One of the ideas I’ve been interested in for awhile is hiding your face from cameras. The Japanese fan, the uchiwa, seemed like a natural and stylish way to do so. I’ve added retro-reflective tape to them so that they change the contrast of flash photographs, effectively ruining any and all attempts by the paparazzi to destroy your reputation. On many of the fans there’s a translucent window made of delicate see-through paper, making it possible to walk with the fan covering your face the whole time. I’ve altered the mechanics of the fan to become more three-dimensional so that it wraps around the sides of your face as well.

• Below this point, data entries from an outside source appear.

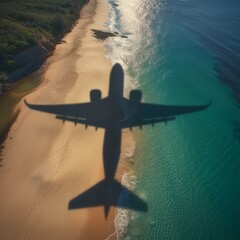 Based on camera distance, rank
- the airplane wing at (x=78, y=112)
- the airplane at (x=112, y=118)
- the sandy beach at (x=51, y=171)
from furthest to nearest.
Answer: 1. the airplane wing at (x=78, y=112)
2. the airplane at (x=112, y=118)
3. the sandy beach at (x=51, y=171)

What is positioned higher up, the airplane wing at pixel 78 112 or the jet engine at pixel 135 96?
the airplane wing at pixel 78 112

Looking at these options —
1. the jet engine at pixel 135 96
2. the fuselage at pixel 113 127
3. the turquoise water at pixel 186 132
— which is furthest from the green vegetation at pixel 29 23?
the jet engine at pixel 135 96

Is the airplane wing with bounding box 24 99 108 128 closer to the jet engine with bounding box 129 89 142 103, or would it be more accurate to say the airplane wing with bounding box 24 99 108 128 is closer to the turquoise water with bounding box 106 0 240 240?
the jet engine with bounding box 129 89 142 103

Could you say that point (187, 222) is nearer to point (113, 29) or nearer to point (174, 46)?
point (174, 46)

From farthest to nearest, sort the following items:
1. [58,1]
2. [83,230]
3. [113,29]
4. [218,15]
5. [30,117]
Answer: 1. [218,15]
2. [58,1]
3. [113,29]
4. [30,117]
5. [83,230]

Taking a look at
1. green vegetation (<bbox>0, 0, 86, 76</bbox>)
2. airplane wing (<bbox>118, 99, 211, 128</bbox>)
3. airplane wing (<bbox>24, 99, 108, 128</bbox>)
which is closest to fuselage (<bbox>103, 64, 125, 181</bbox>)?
airplane wing (<bbox>118, 99, 211, 128</bbox>)

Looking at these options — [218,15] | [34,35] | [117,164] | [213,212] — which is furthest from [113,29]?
[213,212]

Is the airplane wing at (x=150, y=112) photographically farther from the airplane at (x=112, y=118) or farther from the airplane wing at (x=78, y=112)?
the airplane wing at (x=78, y=112) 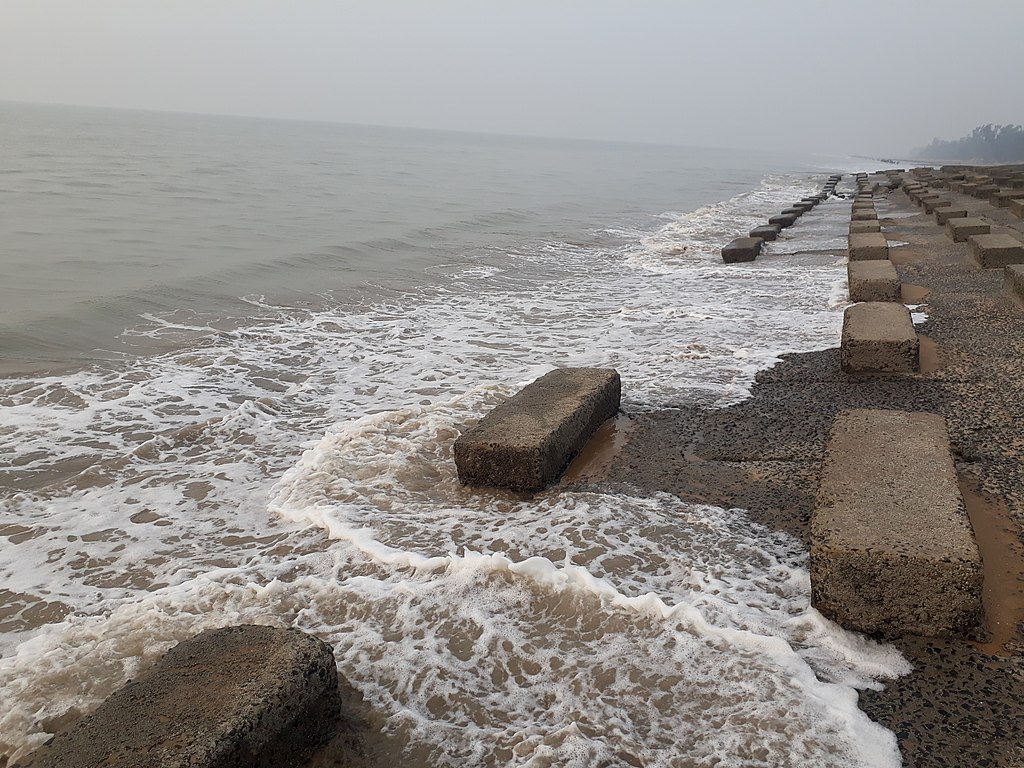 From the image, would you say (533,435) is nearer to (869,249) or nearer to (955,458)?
(955,458)

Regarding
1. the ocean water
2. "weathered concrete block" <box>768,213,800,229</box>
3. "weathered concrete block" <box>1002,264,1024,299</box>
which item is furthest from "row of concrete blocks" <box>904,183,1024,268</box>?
"weathered concrete block" <box>768,213,800,229</box>

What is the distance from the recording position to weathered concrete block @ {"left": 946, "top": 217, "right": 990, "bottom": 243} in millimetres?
9133

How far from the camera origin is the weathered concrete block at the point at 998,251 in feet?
24.0

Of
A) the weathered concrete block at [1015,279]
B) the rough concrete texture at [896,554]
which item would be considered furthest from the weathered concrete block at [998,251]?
the rough concrete texture at [896,554]

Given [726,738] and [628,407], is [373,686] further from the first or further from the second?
[628,407]

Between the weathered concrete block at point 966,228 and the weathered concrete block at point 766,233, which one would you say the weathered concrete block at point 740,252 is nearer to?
the weathered concrete block at point 766,233

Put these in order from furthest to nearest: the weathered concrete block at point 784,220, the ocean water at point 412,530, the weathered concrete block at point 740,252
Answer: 1. the weathered concrete block at point 784,220
2. the weathered concrete block at point 740,252
3. the ocean water at point 412,530

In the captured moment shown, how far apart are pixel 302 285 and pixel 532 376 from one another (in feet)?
18.4

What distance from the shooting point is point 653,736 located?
184 cm

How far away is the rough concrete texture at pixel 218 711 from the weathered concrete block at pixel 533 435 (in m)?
1.43

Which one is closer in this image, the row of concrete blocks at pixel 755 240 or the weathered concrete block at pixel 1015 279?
the weathered concrete block at pixel 1015 279

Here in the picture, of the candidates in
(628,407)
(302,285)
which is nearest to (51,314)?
(302,285)

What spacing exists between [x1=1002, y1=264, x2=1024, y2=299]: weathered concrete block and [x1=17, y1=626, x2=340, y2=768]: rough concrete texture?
6.37 meters

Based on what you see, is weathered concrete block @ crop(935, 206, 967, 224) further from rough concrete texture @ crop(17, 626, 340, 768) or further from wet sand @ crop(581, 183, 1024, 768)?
rough concrete texture @ crop(17, 626, 340, 768) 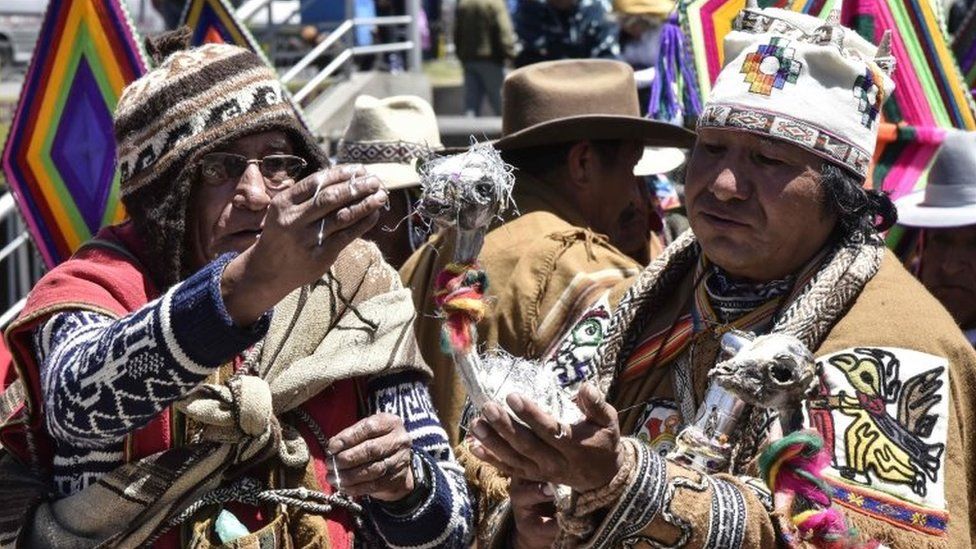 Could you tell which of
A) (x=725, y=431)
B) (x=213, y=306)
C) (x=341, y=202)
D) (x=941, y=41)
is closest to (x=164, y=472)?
(x=213, y=306)

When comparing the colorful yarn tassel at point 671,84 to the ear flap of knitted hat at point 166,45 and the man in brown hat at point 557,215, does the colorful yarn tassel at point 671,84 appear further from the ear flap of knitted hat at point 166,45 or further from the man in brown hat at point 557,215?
the ear flap of knitted hat at point 166,45

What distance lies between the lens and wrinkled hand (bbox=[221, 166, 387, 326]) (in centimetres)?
236

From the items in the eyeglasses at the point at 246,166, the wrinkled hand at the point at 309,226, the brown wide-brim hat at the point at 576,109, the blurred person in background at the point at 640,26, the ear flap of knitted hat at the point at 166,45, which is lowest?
the blurred person in background at the point at 640,26

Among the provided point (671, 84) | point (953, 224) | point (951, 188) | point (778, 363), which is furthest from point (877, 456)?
point (671, 84)

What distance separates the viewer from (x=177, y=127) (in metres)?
2.92

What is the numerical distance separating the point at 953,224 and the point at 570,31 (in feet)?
18.6

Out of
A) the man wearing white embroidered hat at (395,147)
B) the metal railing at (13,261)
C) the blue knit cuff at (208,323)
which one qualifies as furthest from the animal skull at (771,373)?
the man wearing white embroidered hat at (395,147)

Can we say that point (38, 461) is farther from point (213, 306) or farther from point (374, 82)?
point (374, 82)

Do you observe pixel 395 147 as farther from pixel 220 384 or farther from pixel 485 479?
pixel 220 384

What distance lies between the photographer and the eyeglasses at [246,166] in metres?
2.95

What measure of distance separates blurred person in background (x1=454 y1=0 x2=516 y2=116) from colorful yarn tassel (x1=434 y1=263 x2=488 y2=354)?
9.13 m

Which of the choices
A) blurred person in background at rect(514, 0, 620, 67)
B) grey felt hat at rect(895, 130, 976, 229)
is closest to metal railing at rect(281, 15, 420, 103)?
blurred person in background at rect(514, 0, 620, 67)

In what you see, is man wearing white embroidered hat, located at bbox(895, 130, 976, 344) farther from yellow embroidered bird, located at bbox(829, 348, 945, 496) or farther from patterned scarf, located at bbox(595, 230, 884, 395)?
yellow embroidered bird, located at bbox(829, 348, 945, 496)

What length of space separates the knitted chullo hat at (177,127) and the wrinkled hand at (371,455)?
0.52 meters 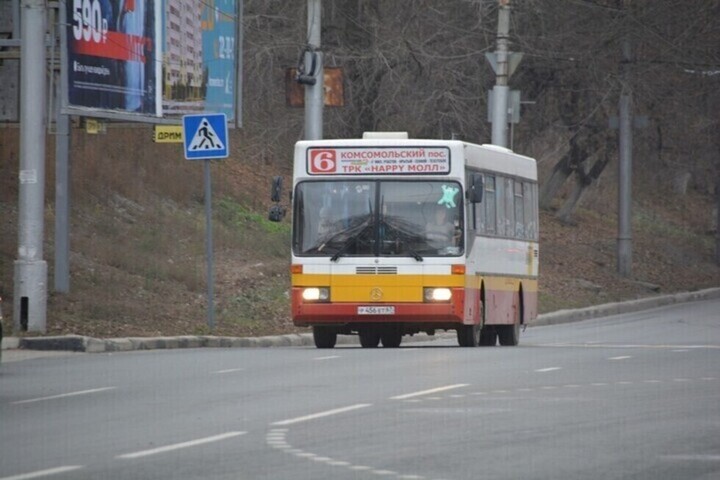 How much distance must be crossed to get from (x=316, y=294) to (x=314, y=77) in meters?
6.56

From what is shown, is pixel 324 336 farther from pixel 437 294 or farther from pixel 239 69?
pixel 239 69

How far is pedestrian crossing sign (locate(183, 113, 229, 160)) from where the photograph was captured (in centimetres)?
2542

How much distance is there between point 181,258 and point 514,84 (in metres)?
16.6

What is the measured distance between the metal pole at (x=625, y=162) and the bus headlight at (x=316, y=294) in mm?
19699

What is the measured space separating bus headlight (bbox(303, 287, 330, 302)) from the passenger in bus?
1.62m

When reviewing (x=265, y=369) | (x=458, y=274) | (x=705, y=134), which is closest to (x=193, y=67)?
(x=458, y=274)

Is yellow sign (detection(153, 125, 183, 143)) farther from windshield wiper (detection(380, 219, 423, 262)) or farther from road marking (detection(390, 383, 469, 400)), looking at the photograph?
road marking (detection(390, 383, 469, 400))

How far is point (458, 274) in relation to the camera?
2369cm

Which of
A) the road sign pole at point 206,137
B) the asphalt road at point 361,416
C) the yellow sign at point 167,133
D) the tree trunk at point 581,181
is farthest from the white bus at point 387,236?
the tree trunk at point 581,181

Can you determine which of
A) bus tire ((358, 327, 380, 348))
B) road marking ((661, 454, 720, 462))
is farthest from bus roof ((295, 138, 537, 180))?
road marking ((661, 454, 720, 462))

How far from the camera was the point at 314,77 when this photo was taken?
29203mm

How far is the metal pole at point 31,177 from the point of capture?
2241cm

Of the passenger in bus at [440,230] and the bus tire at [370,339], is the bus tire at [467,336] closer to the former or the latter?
the passenger in bus at [440,230]

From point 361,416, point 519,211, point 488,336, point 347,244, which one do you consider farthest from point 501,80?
point 361,416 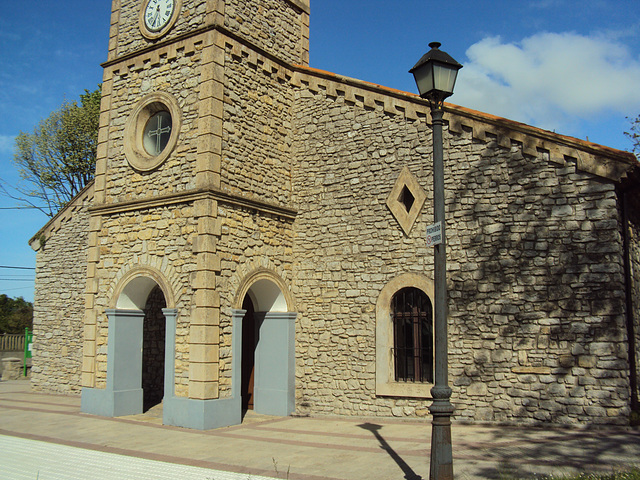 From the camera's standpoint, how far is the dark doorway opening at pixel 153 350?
14.2 metres

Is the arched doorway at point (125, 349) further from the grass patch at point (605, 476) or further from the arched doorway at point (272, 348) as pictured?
the grass patch at point (605, 476)

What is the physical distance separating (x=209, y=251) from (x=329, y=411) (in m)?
4.33

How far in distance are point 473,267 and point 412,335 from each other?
1.87m

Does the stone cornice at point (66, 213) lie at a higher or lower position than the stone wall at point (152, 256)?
higher

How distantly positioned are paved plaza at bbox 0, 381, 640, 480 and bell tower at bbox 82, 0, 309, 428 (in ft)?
3.52

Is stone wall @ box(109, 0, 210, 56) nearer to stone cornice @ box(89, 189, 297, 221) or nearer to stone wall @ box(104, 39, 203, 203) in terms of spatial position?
stone wall @ box(104, 39, 203, 203)

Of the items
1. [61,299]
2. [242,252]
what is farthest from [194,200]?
[61,299]

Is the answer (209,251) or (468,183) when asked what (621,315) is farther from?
(209,251)

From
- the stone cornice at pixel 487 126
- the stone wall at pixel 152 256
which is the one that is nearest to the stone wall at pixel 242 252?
the stone wall at pixel 152 256

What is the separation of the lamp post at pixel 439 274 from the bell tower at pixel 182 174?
5463 mm

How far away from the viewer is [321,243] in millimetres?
12508

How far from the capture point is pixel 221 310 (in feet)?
35.6

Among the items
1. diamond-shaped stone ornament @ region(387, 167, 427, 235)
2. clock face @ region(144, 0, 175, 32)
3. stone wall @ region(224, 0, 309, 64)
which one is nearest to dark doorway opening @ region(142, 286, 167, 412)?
clock face @ region(144, 0, 175, 32)

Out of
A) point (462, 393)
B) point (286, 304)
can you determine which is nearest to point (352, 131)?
point (286, 304)
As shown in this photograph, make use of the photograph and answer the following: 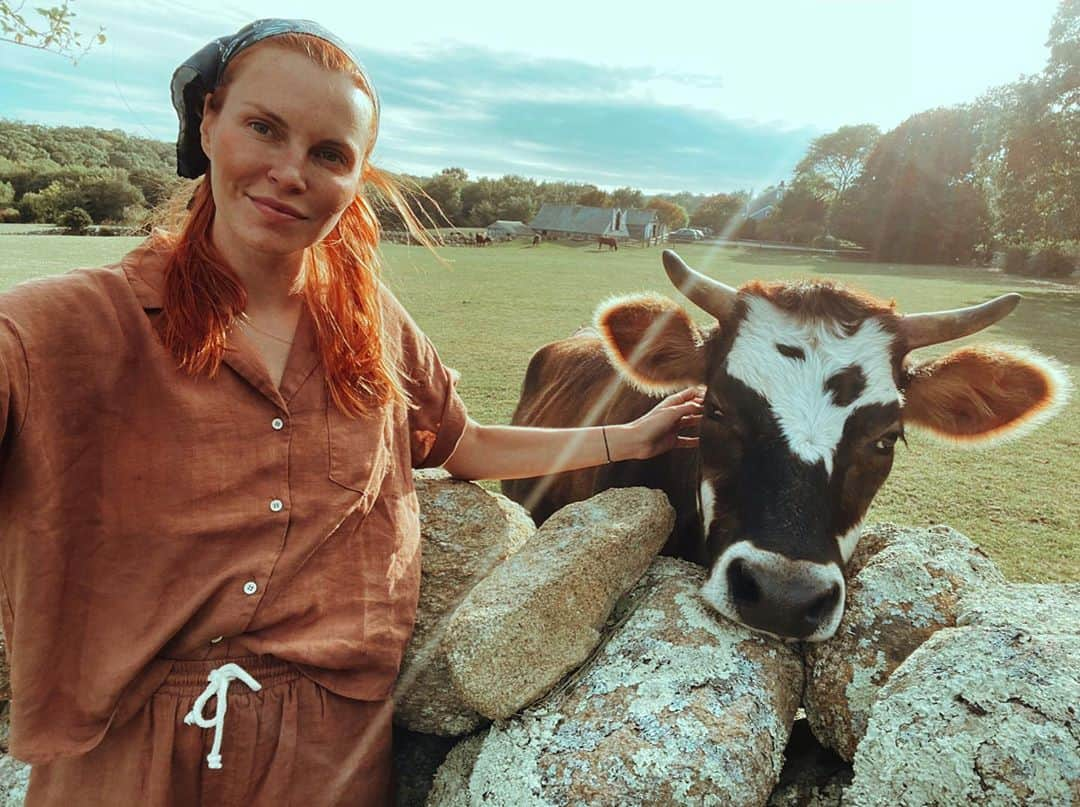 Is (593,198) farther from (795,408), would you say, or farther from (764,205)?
(795,408)

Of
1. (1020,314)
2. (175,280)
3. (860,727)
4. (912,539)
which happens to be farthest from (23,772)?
(1020,314)

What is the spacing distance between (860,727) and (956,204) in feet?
225

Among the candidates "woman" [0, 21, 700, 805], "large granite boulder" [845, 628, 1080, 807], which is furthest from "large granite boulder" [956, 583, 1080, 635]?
"woman" [0, 21, 700, 805]

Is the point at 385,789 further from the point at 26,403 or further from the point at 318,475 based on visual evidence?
the point at 26,403

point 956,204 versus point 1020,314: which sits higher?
point 956,204

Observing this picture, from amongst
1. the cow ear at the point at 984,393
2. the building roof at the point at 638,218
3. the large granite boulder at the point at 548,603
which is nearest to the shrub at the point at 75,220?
the large granite boulder at the point at 548,603

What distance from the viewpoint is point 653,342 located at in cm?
343

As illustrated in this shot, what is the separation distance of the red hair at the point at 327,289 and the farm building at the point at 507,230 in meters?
78.4

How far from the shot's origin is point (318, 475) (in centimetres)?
221

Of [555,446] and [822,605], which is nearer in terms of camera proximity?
[822,605]

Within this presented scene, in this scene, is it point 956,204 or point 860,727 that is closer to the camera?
point 860,727

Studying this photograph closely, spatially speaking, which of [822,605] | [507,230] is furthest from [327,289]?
[507,230]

I think I just edited a bunch of “ok” photos and I think I’m going to need more. Going to post these here for you to see now but I’m going to take better ones… for a 4th time. I’m also still making more pieces so those will populate an “Art 2017” tab. Here are my first 12 fans.
One of my favorites.
This is Ryder’s fan. It’s a delicate patterned paper that I stained with droplets of pure ink.
This is the back.
This is the back with flash.
This is Tadaki’s fan. I’ve given one to him for all of the help he’s given me. He was the person who taught me how to make these in the first place.
Another fave. This one is called Privacy Flows Away. The calligraphy work you see on a few of these fans is by one of my favorite local people, an 80 year old man (who doesn’t look a year over 60 and doesn’t act a year over 30) named Horiguchi-san. More about him later.
An experiment. Horiguchi-san chopped some bamboo and gave it to me for more fans. I loved the beautiful base of the stick so I kept these fans long. I wanted the root of the bamboo to be the handle. There’s no reflective tape on this one.
My first experiment with shaping the fan to wrap around the face. Not happy with the asymmetry of this one so I may disassemble it and make it better.
I’m still struggling with sumi-e ink. I’m too embarrassed about the quality of my marks to show you anything. This was another attempt at using the ink. Sigh. This one is called Hidden.
With flash. You can see the raw kozo fibers used to make paper laid over the top of this fan. I’m mimicking grass.
This is the first fan I made in the workshop. I overhauled it with nicer paper and reflective tape.
Another fave. This one is called Night Watcher.
Crappy image with flash.
Another long fan. I’ve made three more fan frames for this kind of fan. They’re ready for paper but it’s a struggle.
For reasons too long to explain here, these long fans are double. I’d love to put black lights inside to establish another way to fool cameras.
A closer image.
The back of the fan with flash. I don’t like this side.
The front with flash.
Privacy is Dead. Horigushi-san has chosen this one. I made him work so hard putting the calligraphy on my work that it’s only fair to give him a fan. He gave me some great feedback. He said that my work looks like that of a Japanese craftsman but that you can tell it wasn’t made by a Japanese person.
Front with flash. I love this one. I’m glad it’s going to Horiguchi-san.